Reviews

Beard on Bread by James Beard

sarahstarnes's review

Go to review page

informative medium-paced

4.0

I made a few of these and wrote down a few recipes to remember as this was a library book for me. The illustrations were extremely helpful and I really enjoyed baking with this book as a reference.

amynbell's review

Go to review page

5.0

The receipt in this book says that my husband purchased this bread cookbook in July of 1996 for less than $6 cash at the local Barnes & Noble. It doesn't appear to be used.

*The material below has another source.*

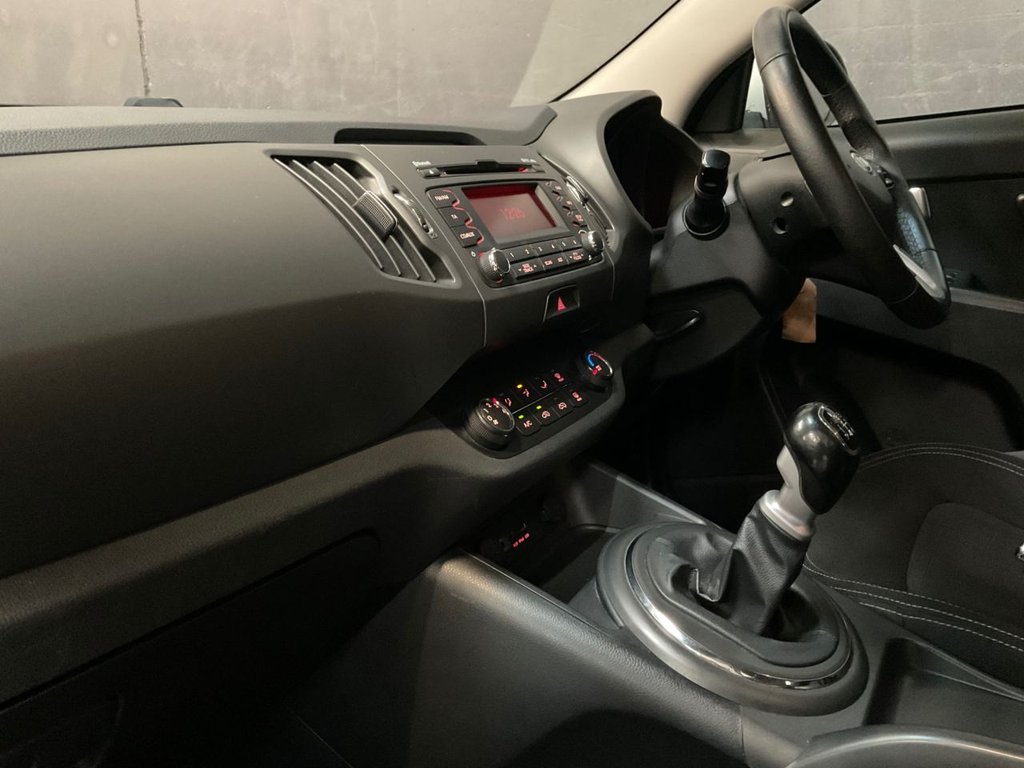 Used Kia Sportage 2011 for sale - 78044236: Photo 21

After all, July certainly isn't prime bread-baking time in Oklahoma where temperatures tend to be above 100 degrees. But with a stand mixer under the tree this Christmas, I think this book is going to get some love. "Was owning a stand mixer all that stood between you and baking bread all this time?" Yes. I have weak wrists and arthritic hands. I can't do 10 minutes of kneading. I went through 2 bread machines a decade ago, but I don't really relish how the paddle gets stuck in the bottom of bread machine loaves ... or all the shaking that goes on.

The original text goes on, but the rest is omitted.